Marshal Gustaf Mannerheim was elected President in August and a very harsh peace treaty was signed in September 1944. In July 1945 the Marshal told Paasonen to leave the country because Paasonen had been involved in the Stella Polaris operation, the evacuation of Finnish signal intelligence material and personnel to Sweden.

In the middle of July 1948 Paasonen got a letter from Lugano, Switzerland, in which the Marshal asked Paasonen to help him in writing his memoirs. Paasonen agreed. – Though I am not a historian, he said.

Paasonen outlined the contents of the memoirs and assisted the Marshal until January 1951, when the task was finished. On 20 January the Marshal was taken ill and died eight days later.

– There is a peculiar greatness in the death of the Marshal, Paasonen said. – He was predestined to pass away on the anniversary of his first crucial achievement in Finland. In the night of 28 January 1918 he disarmed the Russian garrisons in Finland. It was the basis for the fight for Finland’s independence.

Colonel Aladàr Paasonen finished his own memoirs in April 1974 in Flourtown, Pennsylvania, where he lived his last years. He died on 6 July the same year.

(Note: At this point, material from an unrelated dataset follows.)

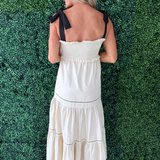 Smocked Sleeveless Midi Dress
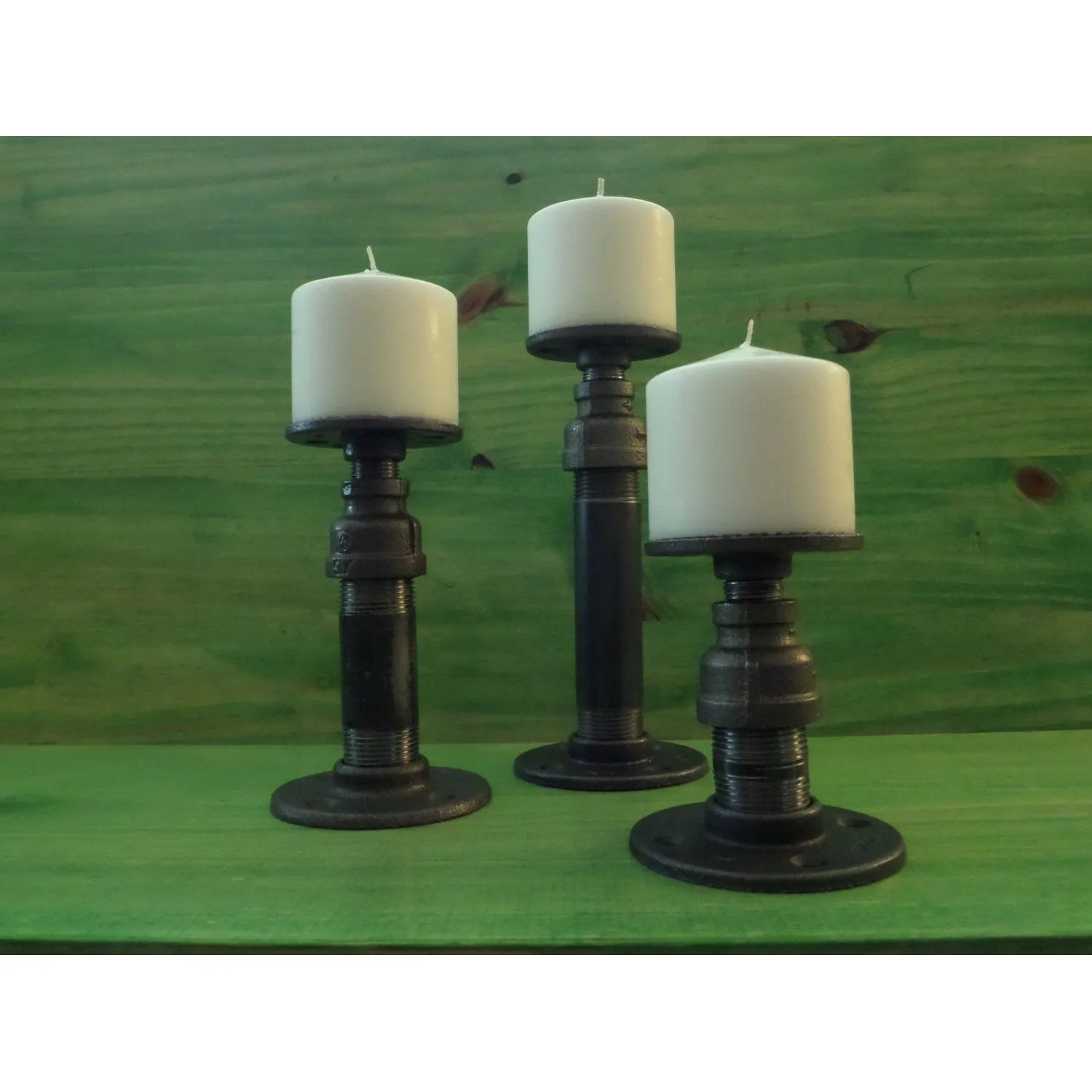 Cool Pillar Candle Holders Cedar Creek Essentials Steampunk Decor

The last journey of the President

On the evening of 17 December 1940 President Kyösti Kallio, who just had resigned from office, was to travel home to his farm in Nivala, situated in Ostrobothnia, Northern Finland. The President and his wife bid farewell to the personnel of the Presidential Palace and went by car to the railway station. The streets were crowded with students carrying torches.

The farewell ceremony was held at the presidential suite of the railway station. Present were the newly elected President Risto Ryti, Marshal Gustaf Mannerheim and other prominent government officials.

– That was without question the most burdensome day in the life of President Kallio, Paasonen said. – It was a great effort for him and he paid heavily for it. The band played the Finnish military anthem of honour Porilaisten marssi.

– When the president reached the guard of honour he stumbled. I was deliberately very near behind him. When he fell I managed to take him into my arms. I felt his last heartbeats.

The President was taken to his carriage. – The physician only had to confirm that his journey had ended.